● **AIM OF THE EXERCISE**
Could you set down the listing below exactly, leaving out its pictures?

● **LISTED RECORDS**
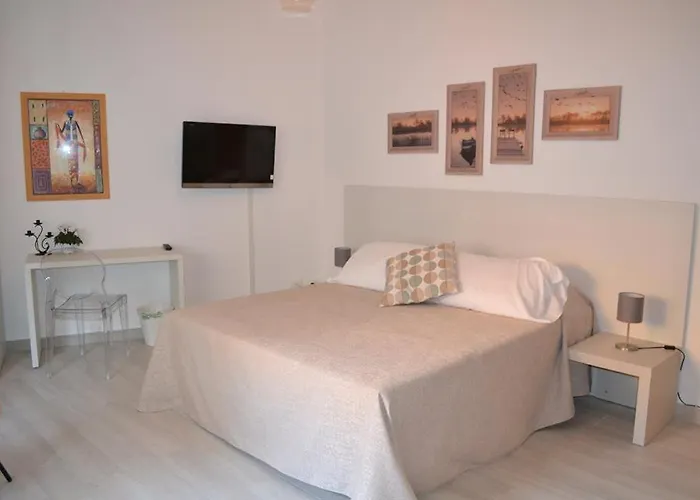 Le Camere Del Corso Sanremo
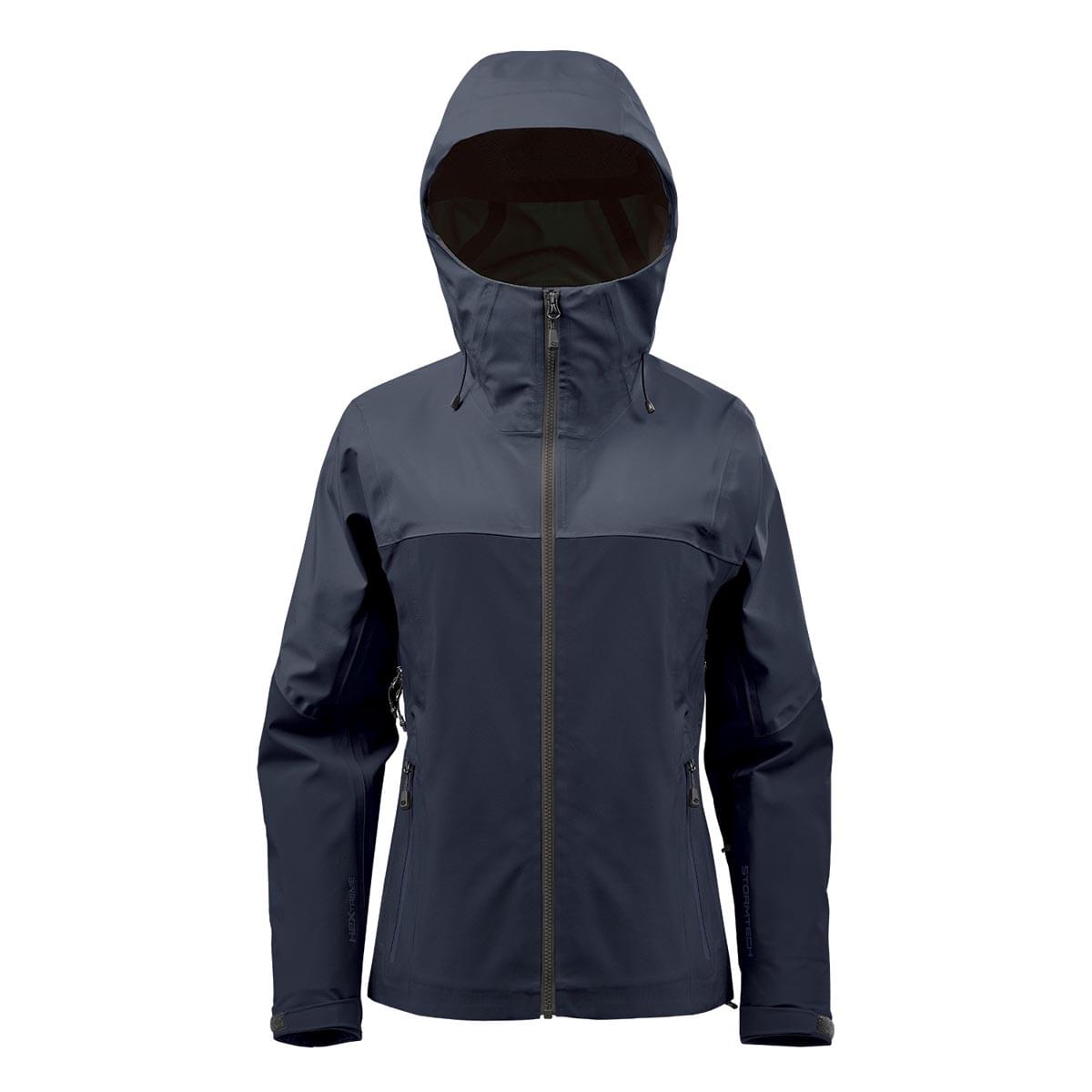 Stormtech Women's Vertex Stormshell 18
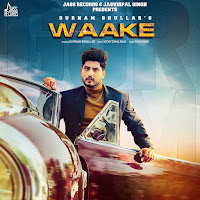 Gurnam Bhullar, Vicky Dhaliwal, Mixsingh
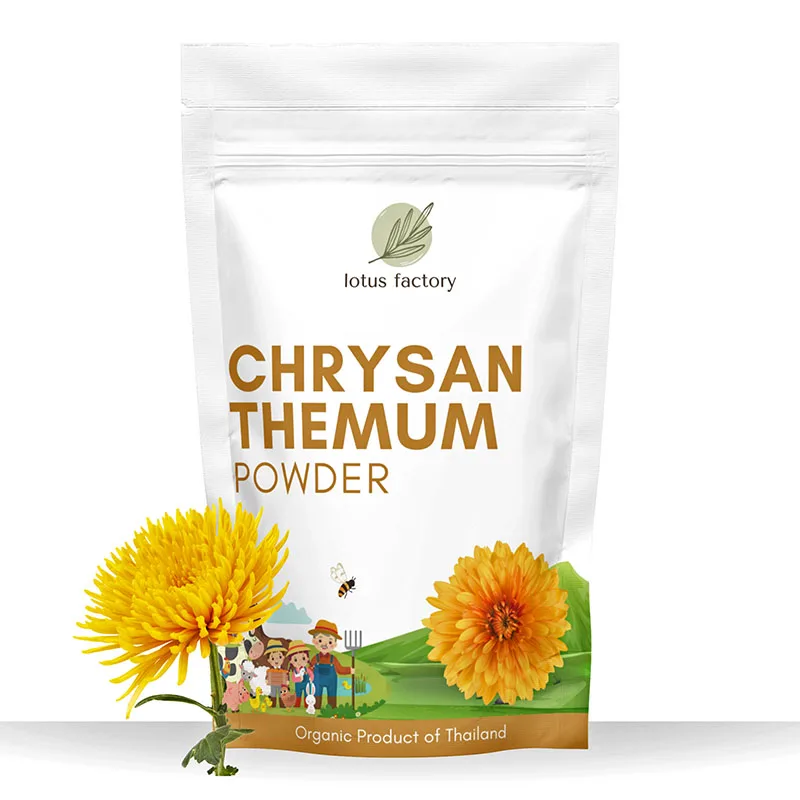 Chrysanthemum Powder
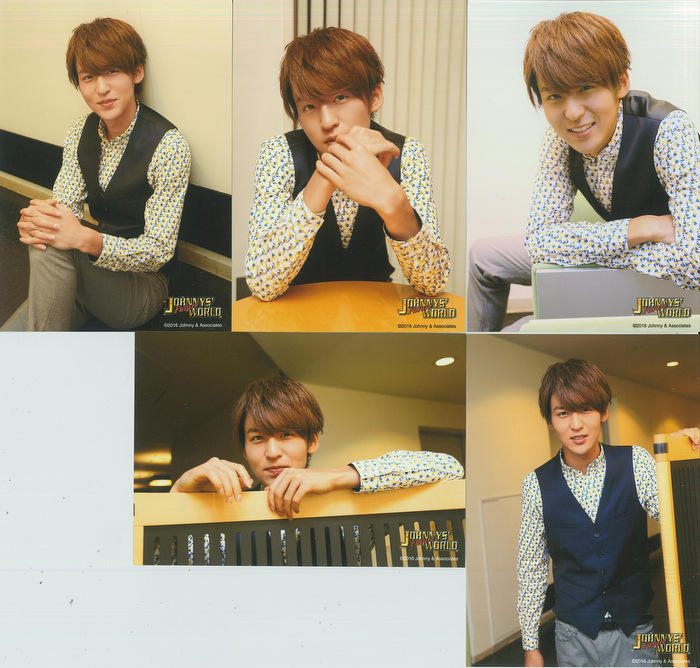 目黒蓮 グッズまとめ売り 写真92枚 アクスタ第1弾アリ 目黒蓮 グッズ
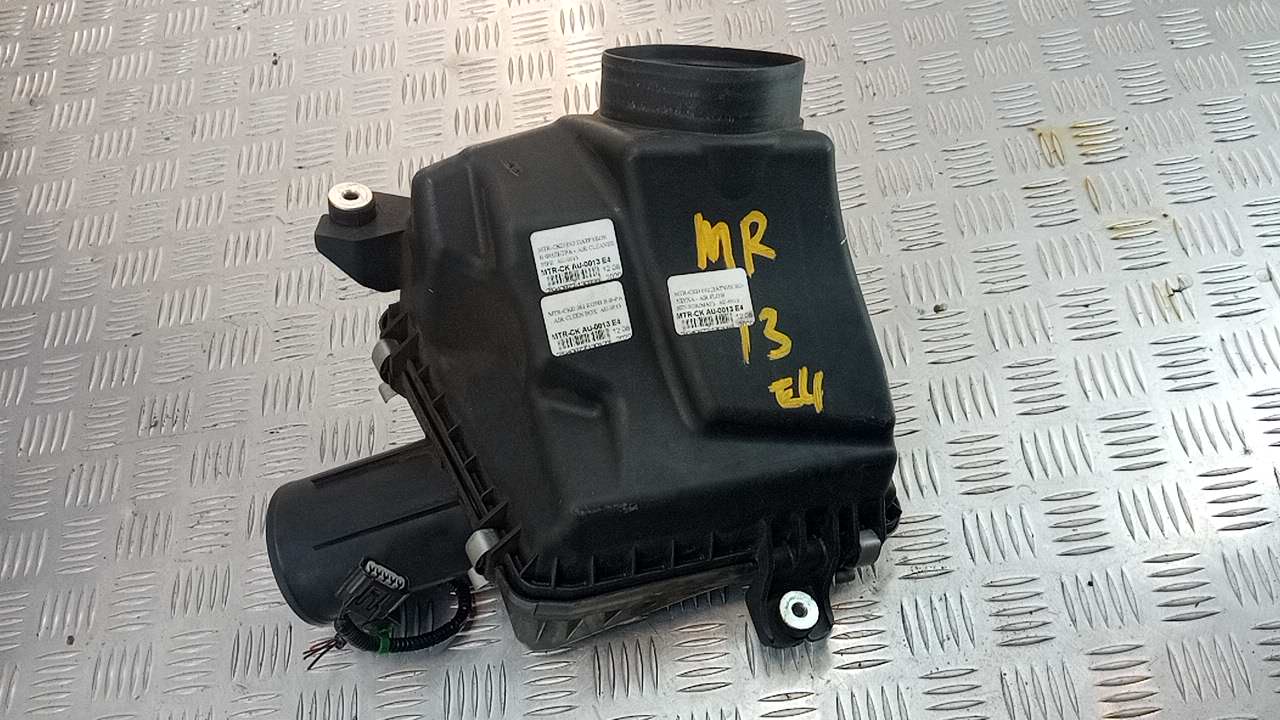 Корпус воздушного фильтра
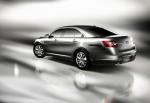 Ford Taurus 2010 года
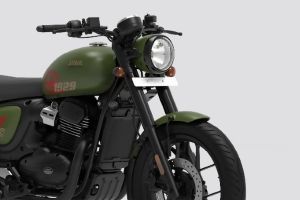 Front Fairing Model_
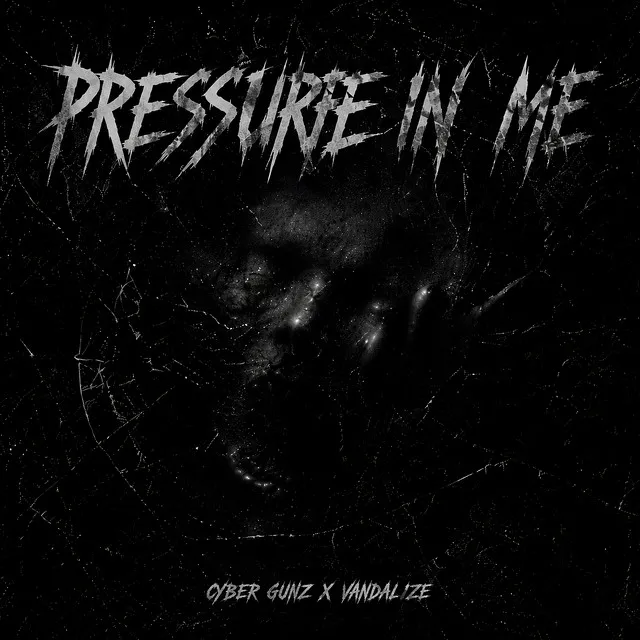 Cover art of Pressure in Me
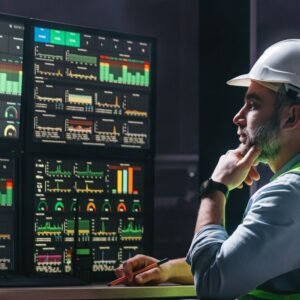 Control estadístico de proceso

● **RESPONSE BELOW**
 Le Camere Del Corso Sanremo
 Stormtech Women's Vertex Stormshell 18
 Gurnam Bhullar, Vicky Dhaliwal, Mixsingh
 Chrysanthemum Powder
 目黒蓮 グッズまとめ売り 写真92枚 アクスタ第1弾アリ 目黒蓮 グッズ
 Корпус воздушного фильтра
 Ford Taurus 2010 года
 Front Fairing Model_
 Cover art of Pressure in Me
 Control estadístico de proceso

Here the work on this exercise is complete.